Este exemplo prático, que evidenciou estranheza coletiva e hostilidade generalizada, levanta algumas reflexões. A primeira e porventura mais importante é a da confirmação que a maioria das pessoas ligadas ao futebol - de treinadores, jogadores e dirigentes a adeptos, jornalistas e comentadores - não sabem as leis de jogo nem conhecem as regras em detalhe. Dominam algumas das suas situações mais evidentes, têm noções sobre as mais básicas, mas quando o lance exige conhecimento a sério, quando exige especificidade técnica, o pouco saber racional desaparece, dando lugar à tal sensação de (in)justiça popular. Neste caso concreto - tenho que ser muito sincero convosco - a culpa é toda de quem não tem pachorra para aprender. É daqueles que não perdem um segundo a ouvir um esclarecimento que não esteja sustentado num lance obsceno ou numa situação de jogo mais mediatizada.
Não faltam livros, posts, stories, vídeos e artigos com esclarecimentos sobre situações exatamente iguais à que aconteceu no Espanha-França. Qualquer pessoa que queira pode encontrar, em vários sites oficiais e até em fóruns, blogs e redes sociais de ex-árbitros, explicações detalhadas e bem fundamentadas sobre essa e outras matérias mais sensíveis. O problema é que a maioria (felizmente não todas) só aprende quando o lance acontece. Quando o caso prático aparece e aí cai o Carmo e a Trindade. Essa sensação dramática é mais evidente (e justificável) quando a decisão final colide com a nossa perceção de justiça. Quando choca pela forma como parece desvirtuar a verdade desportiva.
Foi exatamente o que aconteceu quando Mbappé marcou aquele golo decisivo: o francês estava em clara posição irregular e beneficiou disso. Todos vimos. O problema é que a lei neste caso não é justa e eu explico-vos porquê: Eric García - em esforço e sob pressão por ter nas costas aquele monstro - tocou antes na bola. Apesar de ser claro para todos que o fez sob pressão e muito condicionado, fê-lo com intenção. De forma defeituosa, errada mas intencional (só o ressalto não invalidaria o fora de jogo). Ora quando isso aconteceu, Mbappé estava perto dele mas nada fez ativamente para o perturbar. Não saltou à bola com ele, não lhe tocou, não o distraiu, não lhe tapou a visão, não o prejudicou diretamente... por isso não o impactou. A mera posição ilegal não é punida, mesmo que o defesa sinta e saiba que tem um adversário ao lado, em posição perigosa.

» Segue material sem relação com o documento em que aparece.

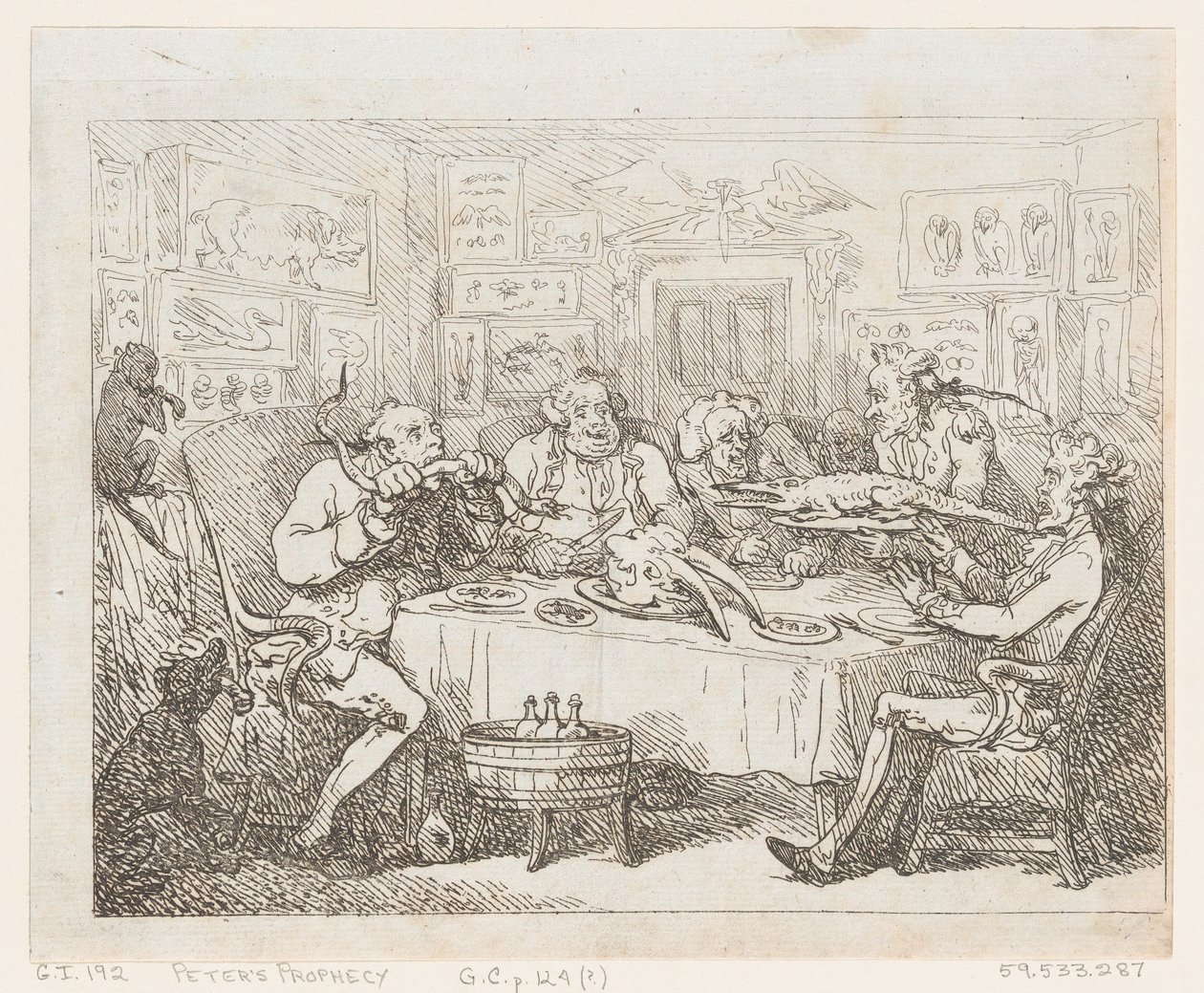 Sir Joseph Banks a punto de comer un caimán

A decisão, repito, correta foi profundamente injusta, porque o futebol não espera um golo destes. Ninguém quer que um lance assim seja validado e decida o vencedor de uma competição. Esta verdade não invalida que quem joga, treina, dirige e comenta jogos não tenha obrigação de conhecer as regras. Não deva fazer mais para saber melhor o jogo que lhe fundamenta a intervenção e a opinião.
A informação pedagógica só vende quando algo acontece, o que é pena. Ela anda por aí, todos os dias, disponível e quase ninguém a procura. Quando acontecem lances À La Mbappé, toda a gente fala e ralha... sem razão.